The graph below shows the margin gained from storage if you were to carry grain into November under three different scenarios. This is based on the spot delivered physical premium price into East Anglia. On Thursday 23rd January the carry from May-20 to Nov-20 stood at £10.50/t.
The monthly cost of carrying wheat has been calculated, using storage cost + ((spot price x annual interest rate) / 12). This calculation allows us to take into account both the physical and financial costs of storage. This is then used to work out the margin from store, by taking the monthly storage cost less the cumulative price carry from May-20 to Nov-20 (in this calculation a carry of £10/t is used).
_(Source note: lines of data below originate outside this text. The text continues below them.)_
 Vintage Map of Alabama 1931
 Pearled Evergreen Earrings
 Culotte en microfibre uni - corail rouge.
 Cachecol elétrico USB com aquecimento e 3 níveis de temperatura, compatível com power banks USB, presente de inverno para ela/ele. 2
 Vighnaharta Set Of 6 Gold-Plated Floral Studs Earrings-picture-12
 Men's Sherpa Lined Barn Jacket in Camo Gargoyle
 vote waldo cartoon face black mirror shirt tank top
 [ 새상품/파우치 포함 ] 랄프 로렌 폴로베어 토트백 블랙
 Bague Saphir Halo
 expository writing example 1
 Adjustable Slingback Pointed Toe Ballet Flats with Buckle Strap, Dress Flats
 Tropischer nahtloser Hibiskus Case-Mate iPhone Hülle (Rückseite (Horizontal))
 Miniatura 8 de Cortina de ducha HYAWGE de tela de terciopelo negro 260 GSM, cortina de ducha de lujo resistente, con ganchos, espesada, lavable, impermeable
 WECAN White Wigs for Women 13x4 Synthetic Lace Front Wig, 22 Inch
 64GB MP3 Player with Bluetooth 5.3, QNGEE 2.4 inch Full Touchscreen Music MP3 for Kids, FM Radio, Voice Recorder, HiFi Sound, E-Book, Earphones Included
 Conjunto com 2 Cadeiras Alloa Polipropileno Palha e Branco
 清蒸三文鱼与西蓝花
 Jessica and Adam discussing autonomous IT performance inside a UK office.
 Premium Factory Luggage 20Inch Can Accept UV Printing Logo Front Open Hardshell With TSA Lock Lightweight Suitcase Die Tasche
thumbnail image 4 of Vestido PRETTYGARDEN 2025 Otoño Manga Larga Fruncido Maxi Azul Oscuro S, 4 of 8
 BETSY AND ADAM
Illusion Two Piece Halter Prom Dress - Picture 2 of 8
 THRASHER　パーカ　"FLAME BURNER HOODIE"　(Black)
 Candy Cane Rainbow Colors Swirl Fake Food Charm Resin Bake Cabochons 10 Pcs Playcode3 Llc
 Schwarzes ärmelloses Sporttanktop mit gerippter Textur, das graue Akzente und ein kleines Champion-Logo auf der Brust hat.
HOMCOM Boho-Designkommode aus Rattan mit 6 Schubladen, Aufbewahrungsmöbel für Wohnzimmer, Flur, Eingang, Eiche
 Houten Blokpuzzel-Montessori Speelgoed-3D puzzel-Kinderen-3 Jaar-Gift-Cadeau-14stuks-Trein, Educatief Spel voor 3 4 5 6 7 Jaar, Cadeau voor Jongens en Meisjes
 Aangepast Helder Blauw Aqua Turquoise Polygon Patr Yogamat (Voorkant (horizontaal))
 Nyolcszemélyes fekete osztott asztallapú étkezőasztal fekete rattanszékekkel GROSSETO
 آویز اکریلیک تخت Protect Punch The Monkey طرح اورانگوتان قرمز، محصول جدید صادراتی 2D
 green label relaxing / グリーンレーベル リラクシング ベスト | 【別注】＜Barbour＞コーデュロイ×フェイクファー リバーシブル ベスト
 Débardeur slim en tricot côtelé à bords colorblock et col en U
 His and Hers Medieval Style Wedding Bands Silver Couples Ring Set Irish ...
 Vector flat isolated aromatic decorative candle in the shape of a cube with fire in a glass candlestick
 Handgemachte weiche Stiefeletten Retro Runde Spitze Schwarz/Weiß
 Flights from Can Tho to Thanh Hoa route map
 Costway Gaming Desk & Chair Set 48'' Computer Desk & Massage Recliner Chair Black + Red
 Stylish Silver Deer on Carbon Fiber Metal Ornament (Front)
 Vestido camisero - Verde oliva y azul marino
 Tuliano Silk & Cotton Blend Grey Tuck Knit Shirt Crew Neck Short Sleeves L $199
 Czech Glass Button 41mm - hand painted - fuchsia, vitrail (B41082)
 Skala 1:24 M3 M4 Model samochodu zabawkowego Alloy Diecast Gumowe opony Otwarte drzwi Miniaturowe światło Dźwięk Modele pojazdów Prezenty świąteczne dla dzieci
With all of these scenarios there is an incentive to carry grain into the new marketing year, but it’s critical to lock this price in for Nov-20 delivery. Furthermore, these figures are based on the fact that you own the store and are not paying any outstanding rental cost.
Logistical considerations need to also be factured into transporting grain to other stores, as this will erode the cumulative margin.
Moreover, when harvest comes round and storage is finite. This could mean a large proportion of new crop may have to be sold at a discount to make space, which could inturn offset profits that are made from the carry.
Is it worth it?
The key point to take away is to financially consider, it is worth it? It’s undisputed that carrying grain into the new marketing year could be finacially rewarding with a sizeable spread and premiums.
It may be that grain in shed is better than cash in the bank. Even with unfavourable storage costs and interest rates there is still a margin to be made, but that margin is narrow.
Cost of labour time, storage, and logistics need to be assesed. You do not want to be scenario 3 in November wishing you had sold your grain last January.